BEGIN SUPPLIED ENTRIES
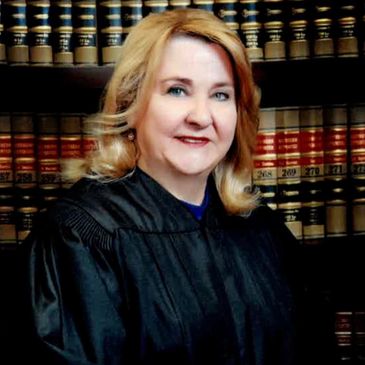 A woman judge posing in front of law books.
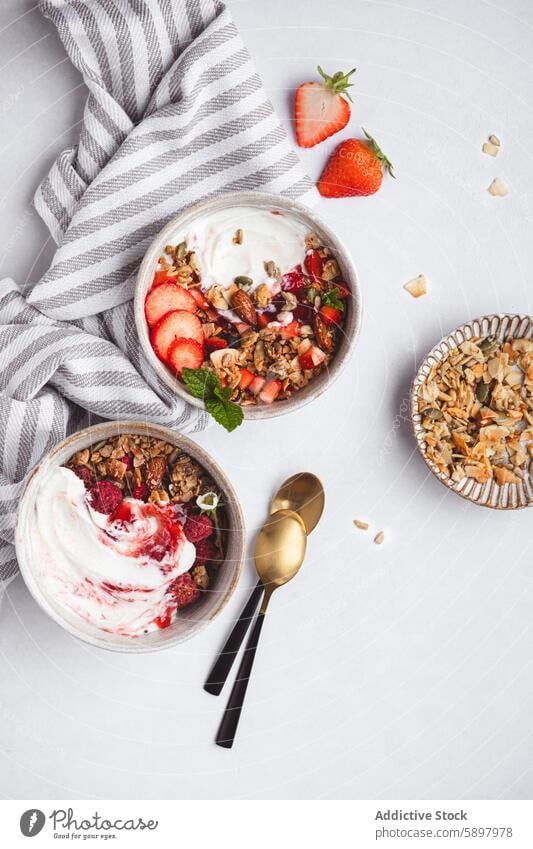 Top view of healthy granola bowls with yogurt and fruits breakfast strawberry summer nuts seeds food meal snack topping almond raspberry vegetarian nutrient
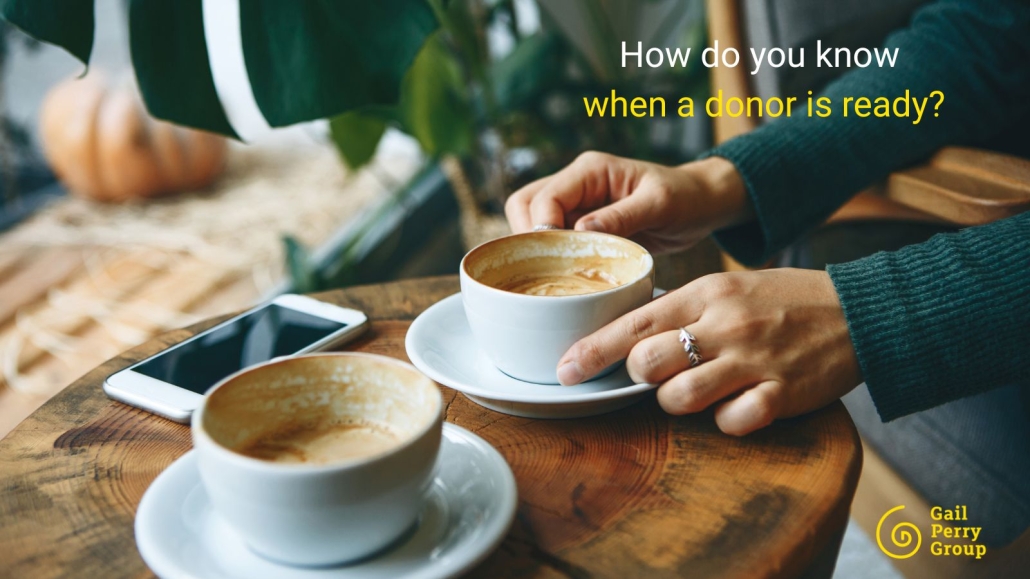 Two people meeting over coffee discussing nonprofit donor relationship and giving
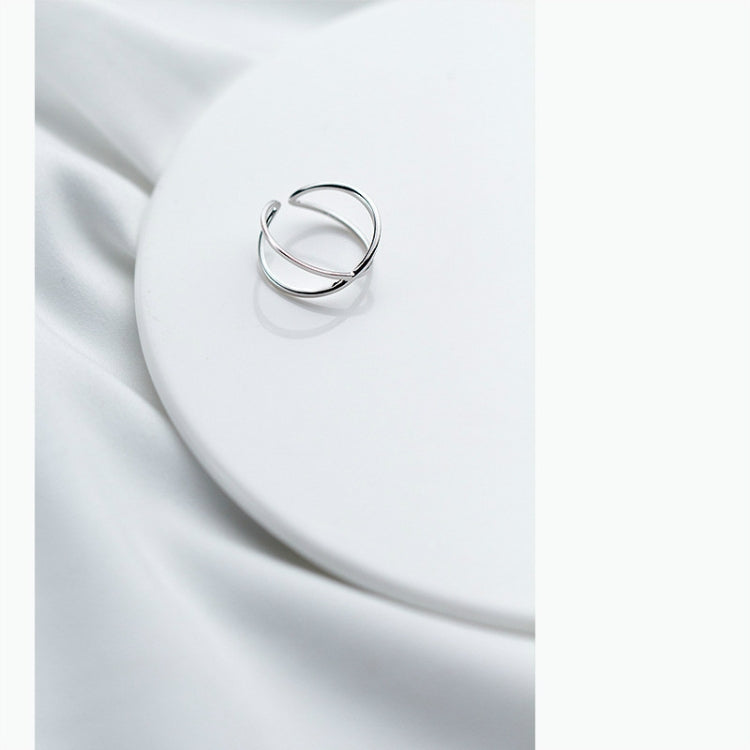 Polished sterling-silver tone open cross ring, thin band on white fabric.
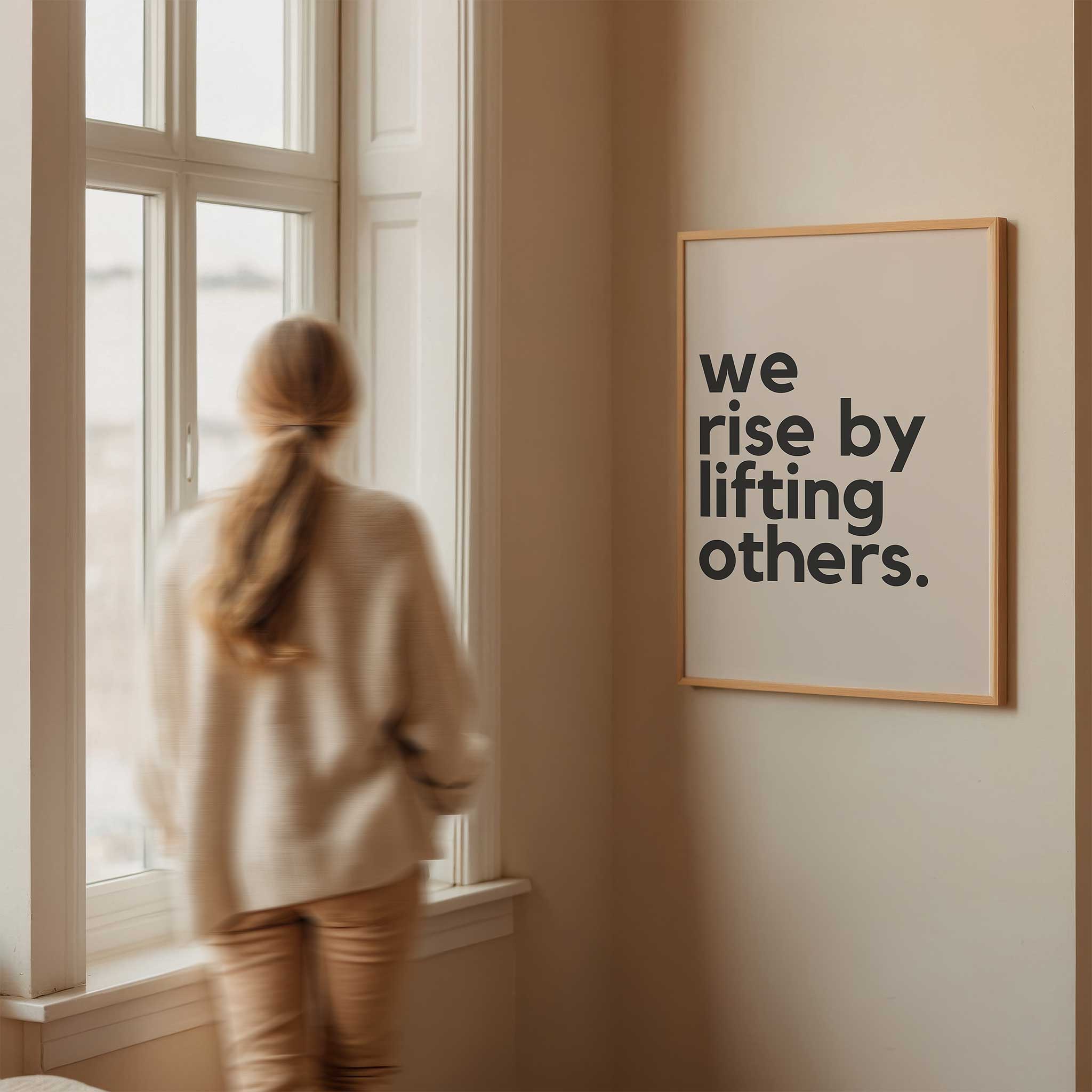 We Rise by Lifting Others' empowering typography, framed wall art print for a kindness aesthetic, titled 'We Rise by Lifting Others'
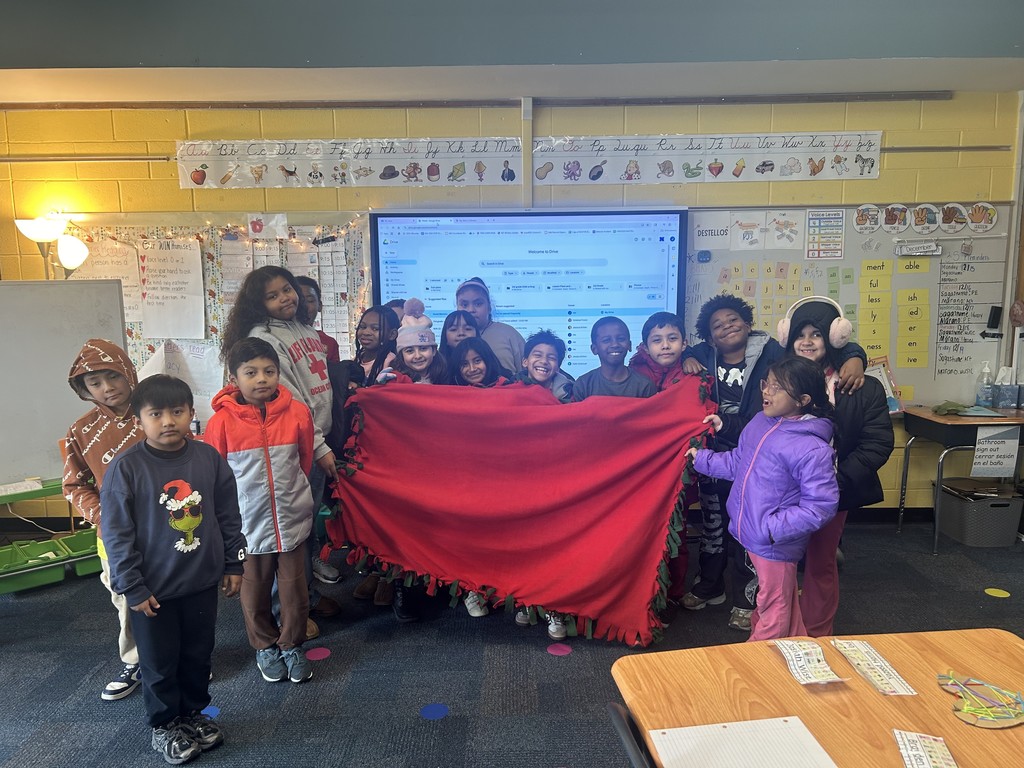 Students holding a blanket they made to donate to Ronald McDonald House Charities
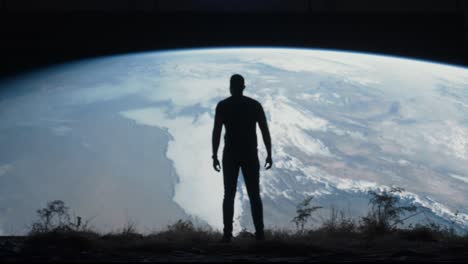 man standing on a hill looking at earth from space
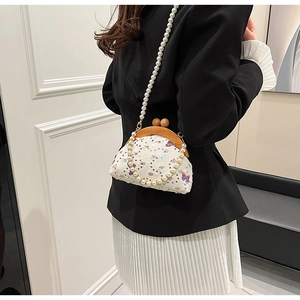 Detail of white fabric crossbody bag with floral embroidery and elegant pearl chain strap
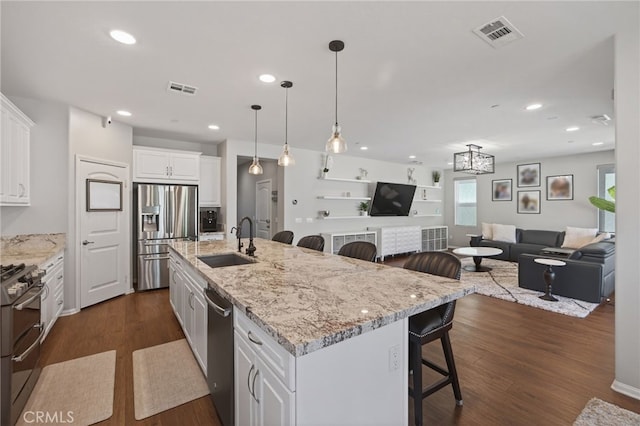 531 Owens River Dr, Oxnard, CA 93036 - kitchen with appliances with stainless steel finishes, a kitchen breakfast bar, plenty of natural light, white cabinets, and recessed lighting
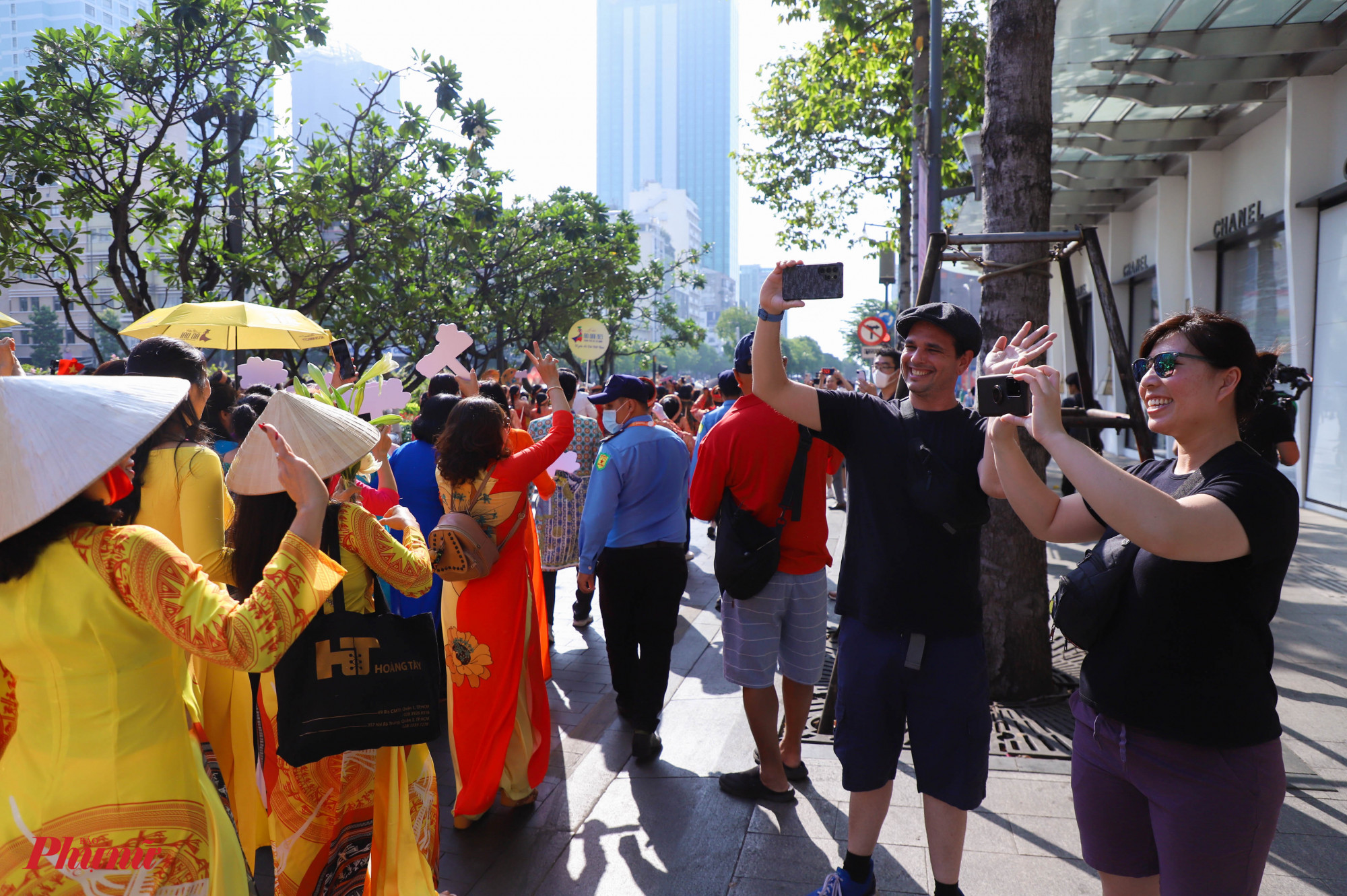 Du khách nước ngoài thích thú với hình ảnh của buổi diễu hành, dùng điện thoại 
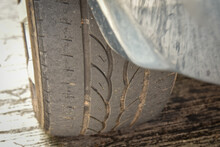 Old Tire With Worn Tread And Scratch, Worn Old Car Tire Tread With Damaged, Scratch, Worn Tire Tread In The Car Wheel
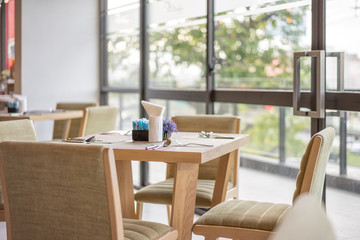Wooden table set for meal in restaurant with cozy interior, breakfast time.
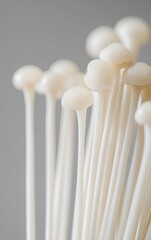 A close-up photograph of white enoki mushrooms against a light gray background, with blank space at the top and bottom for text. The composition is symmetrical, focusing on one side of the image. 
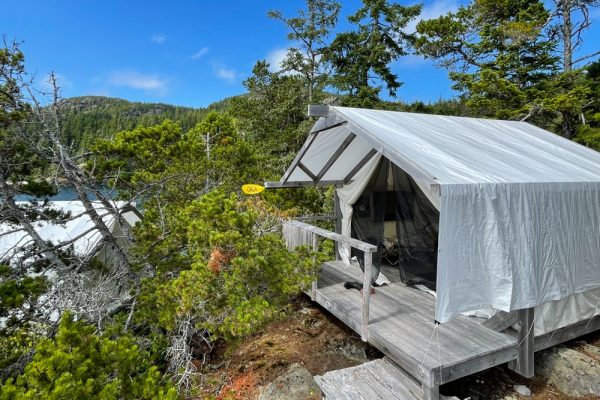 A glamping style safari tent on a platform overlooking the ocean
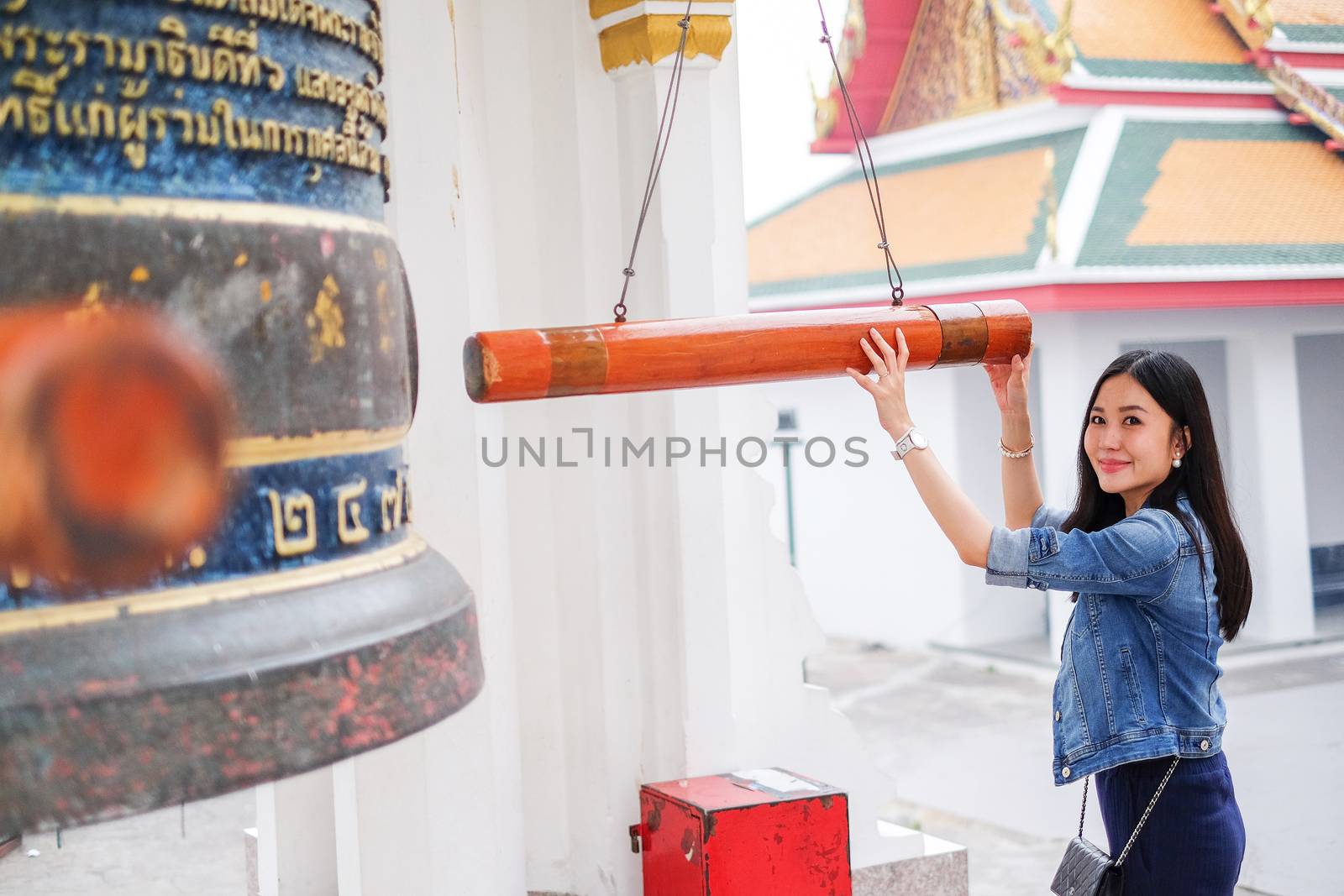 Woman ringing a bell in a Buddhist temple in Thailand by Surasak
END SUPPLIED ENTRIES
— PROBLEM REQUIREMENTS —
Would you set down the listing exactly, omitting pictures?

— THE COMPLETED TASK —
 A woman judge posing in front of law books.
 Top view of healthy granola bowls with yogurt and fruits breakfast strawberry summer nuts seeds food meal snack topping almond raspberry vegetarian nutrient
 Two people meeting over coffee discussing nonprofit donor relationship and giving
 Polished sterling-silver tone open cross ring, thin band on white fabric.
 We Rise by Lifting Others' empowering typography, framed wall art print for a kindness aesthetic, titled 'We Rise by Lifting Others'
 Students holding a blanket they made to donate to Ronald McDonald House Charities
 man standing on a hill looking at earth from space
 Detail of white fabric crossbody bag with floral embroidery and elegant pearl chain strap
 531 Owens River Dr, Oxnard, CA 93036 - kitchen with appliances with stainless steel finishes, a kitchen breakfast bar, plenty of natural light, white cabinets, and recessed lighting
 Du khách nước ngoài thích thú với hình ảnh của buổi diễu hành, dùng điện thoại 
 Old Tire With Worn Tread And Scratch, Worn Old Car Tire Tread With Damaged, Scratch, Worn Tire Tread In The Car Wheel
Wooden table set for meal in restaurant with cozy interior, breakfast time.
 A close-up photograph of white enoki mushrooms against a light gray background, with blank space at the top and bottom for text. The composition is symmetrical, focusing on one side of the image. 
 A glamping style safari tent on a platform overlooking the ocean
 Woman ringing a bell in a Buddhist temple in Thailand by Surasak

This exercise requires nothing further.